"The Norris Situation"
Published: Friday, April 20, 2012
Updated: Thursday, April 19, 2012 23:04
She walked into IT expecting to fix a problem she had with her course management software.
What music professor Elizabeth Norris found were three people waiting for her and some man’s voice coming out of a speakerphone claiming to be from the Vermont State College system. Those waiting were Chief Technology Officer Mike Dente, Dean of Administration Wayne Hamilton, Chief Information Officer for the Vermont State Colleges Linda Hilton and the man on the speakerphone was Chief Technology Officer for the VSC Rick Blood.
A combination of ignorance and confusion has caused some issues with the IT department at Lyndon State College.

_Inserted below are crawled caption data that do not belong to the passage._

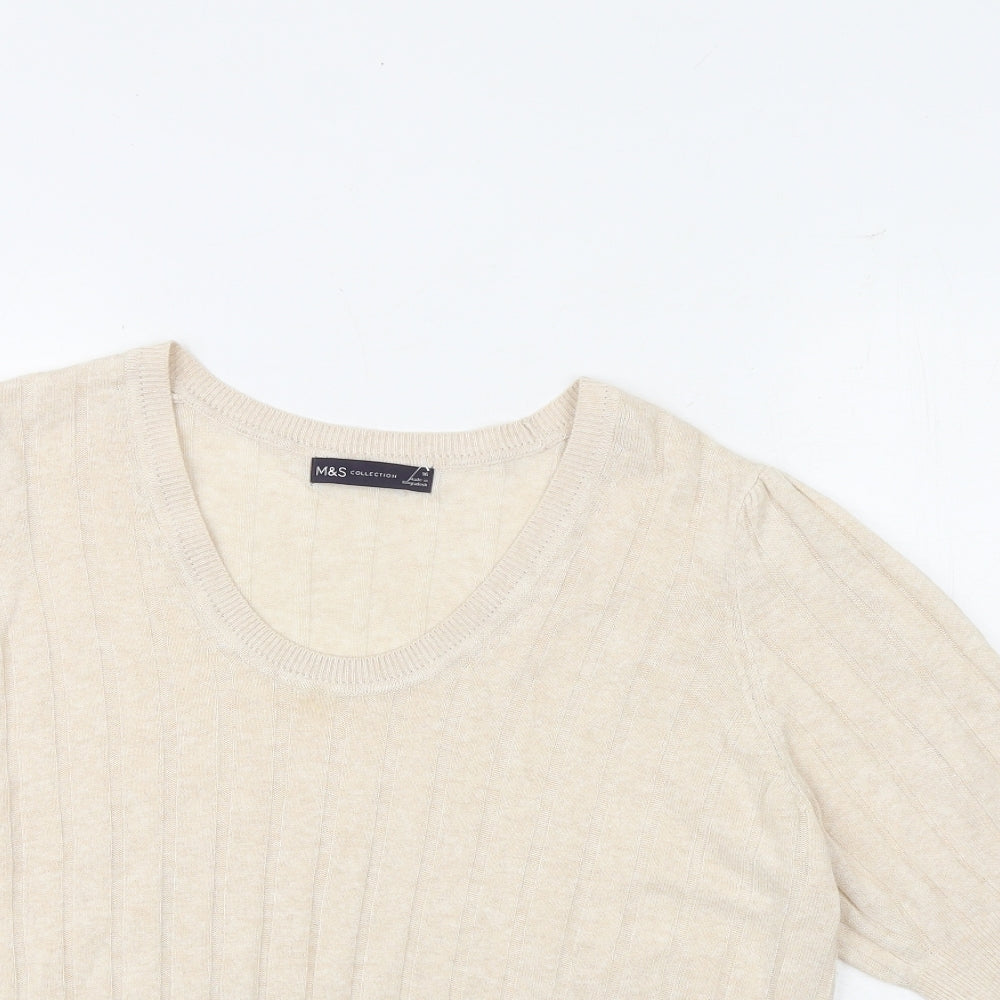 Marks and Spencer Womens Beige Round Neck Viscose Pullover Jumper Size 16 Pullover - Stripe Ribbed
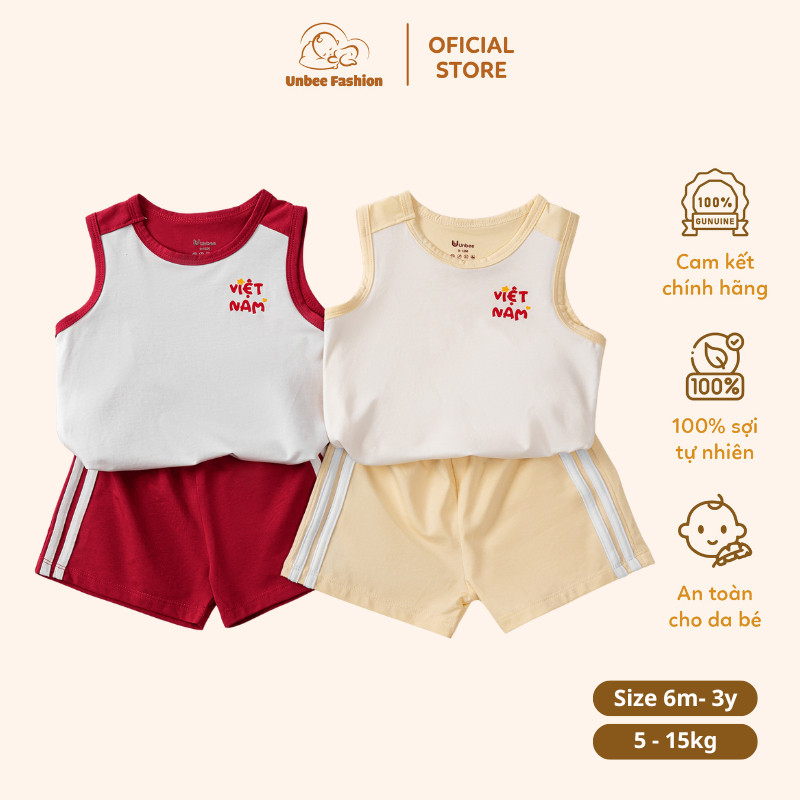 Bộ quần áo 3 lỗ Unbee bé trai bé gái phối màu - Bộ unbee mùa hè ba lỗ thể thao in chữ Việt Nam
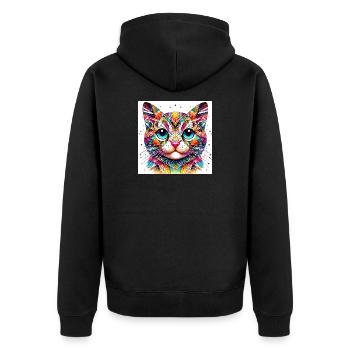 Cat - Unisex Premium Organic Zip Hoodie - black - Back - Nico (187cm)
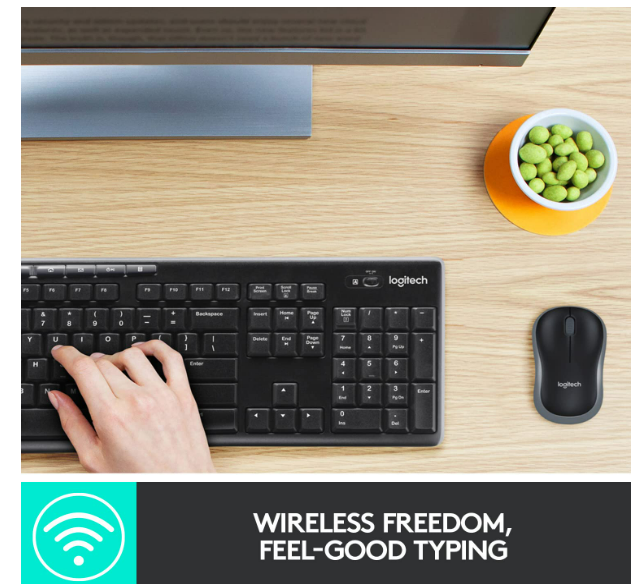 Keyboard + Mouse Combo Logitech MK220 | Compact Wireless for Windows, 2.4 GHz Wireless with Unifying USB-Receiver, 24 Month Battery, Compatible with PC | Black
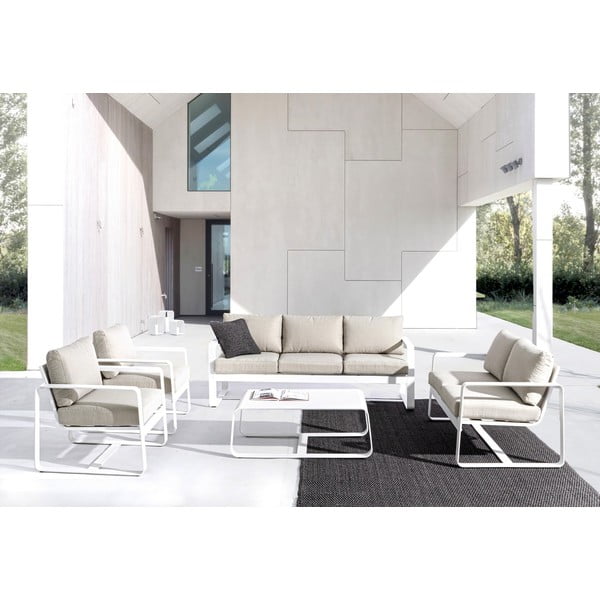 Baltos spalvos iš aliuminio sodo sofa Merrigan   – Bizzotto-image-2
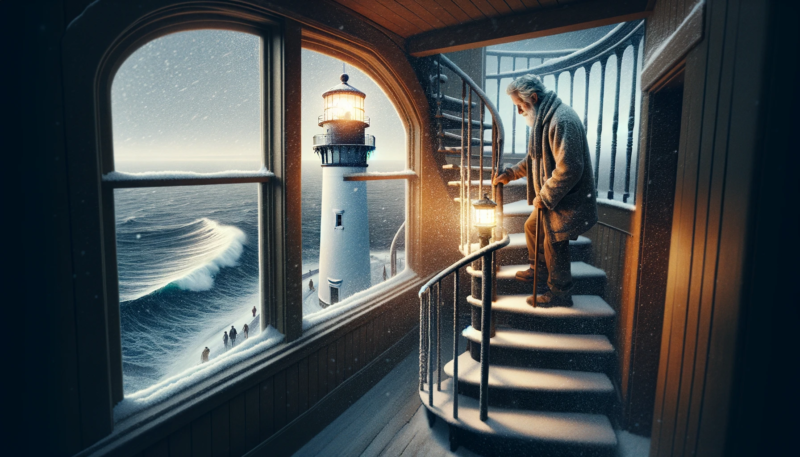 The image captures a serene winter scene at a lighthouse, with John, an elderly man, performing his duties on a snowy evening. It portrays him climbing the spiraling staircase inside the lighthouse, checking the beacon to ensure it continues to shine brightly—a symbol of safety and guidance. The external view includes a gentle snowfall and rough sea waves, reinforcing the lighthouse’s crucial role. This scene encapsulates the themes of dedication and reliability, reflecting the enduring qualities of John’s character and the resilience symbolized by the watch he represents. The realistic styling highlights the stark contrast between the warmth of the lighthouse interior and the harsh, cold outside environment.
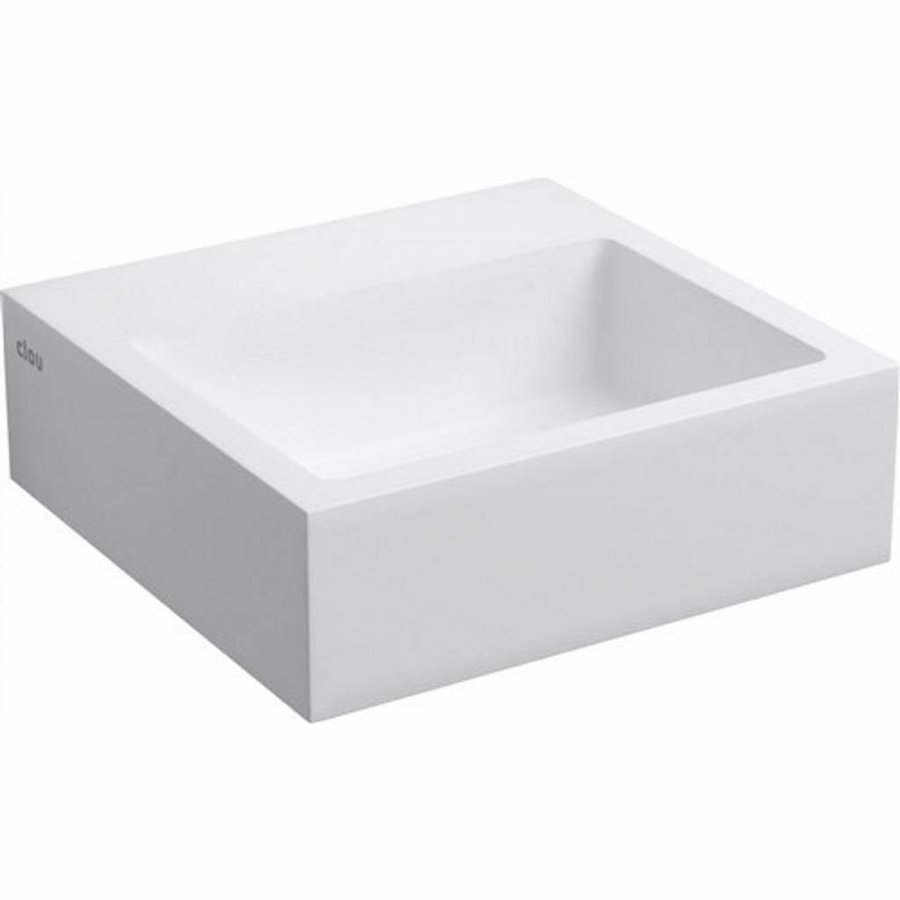 Fontein Clou Flush 1 28x27x9cm Aluite Mat Wit (Met Voorbewerkt Kraangat)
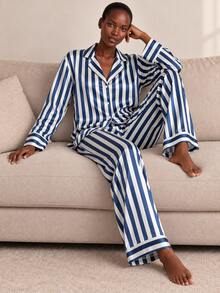 2pcs/Set Women's All-Season Vertical Striped Satin Pajama Set, Deep V-Neck Lapel Long Sleeve Loose Wide Leg Loungewear Set - Navy Blue - View 1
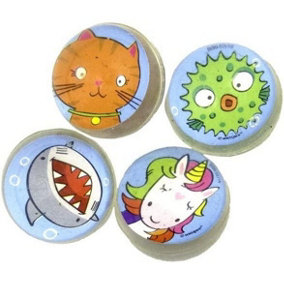 Unique Party Animals Bouncy Ball (Pack of 8) Multicoloured (One Size)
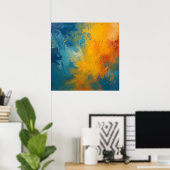 Vurig Oranje & Blauwe Impasto Abstracte Kunstposte Poster (Thuiskantoor)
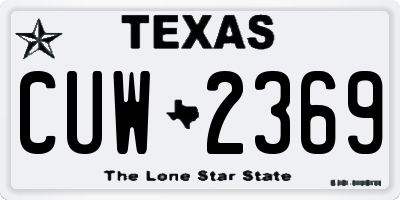 TX license plate CUW2369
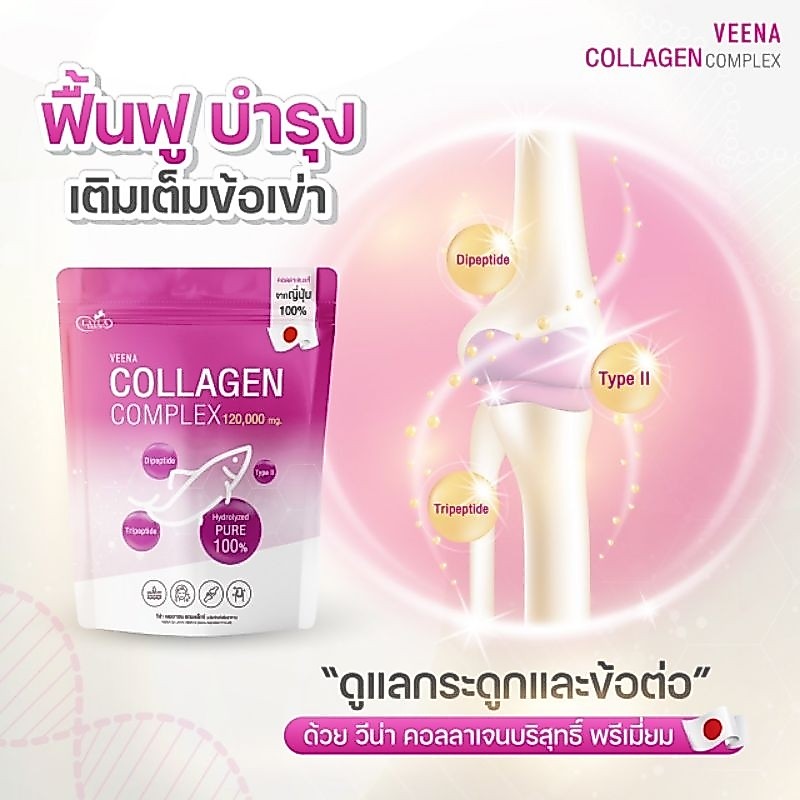 แท้ 100%วีน่าคอลลาเจน5ถุง2,980  ลดผมร่วง เร่งผมขึ้นใหม่ บำรุงข้อต่อและกระดูกให้แข็งแรง ผิวฉ่ำฟูเด้ง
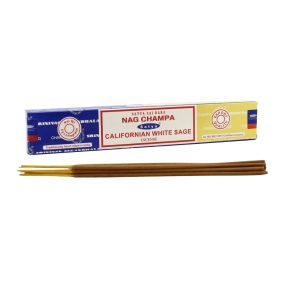 Аромапалички Наг Чампа та Каліфорнійська Біла Шавлія  Nag Champa Californian White Sage 16г Satya 8904234405186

Chancellor of the Vermont State Colleges Tim Donovan will be coming to LSC on April 26 to talk with the faculty about the VSC policy regarding data storage and how faculty should be using college-owned computers.
These issues are coming in conflict with how teachers want to teach.
One of those teachers, professor Norris, was recently found to be violating the VSC policy regarding how faculty should store students’ information such as their grades, student ID numbers and if they have a disability.
The VSC policy, which can be found at tinyurl.com/vscdata, lays out what is private data and how it should be stored.
Norris had a problem using Moodle, the school’s software for grading and other online class features.
“I have a doctorate in Music,” she said. “I am not a stupid woman. I can’t use Moodle and nobody’s hearing it. Nobody’s hearing those of us who aren’t using Moodle say ‘it is not user friendly.’”
Norris had a problem with the interface of Moodle. She attended all the workshops provided to the faculty on how to use Moodle.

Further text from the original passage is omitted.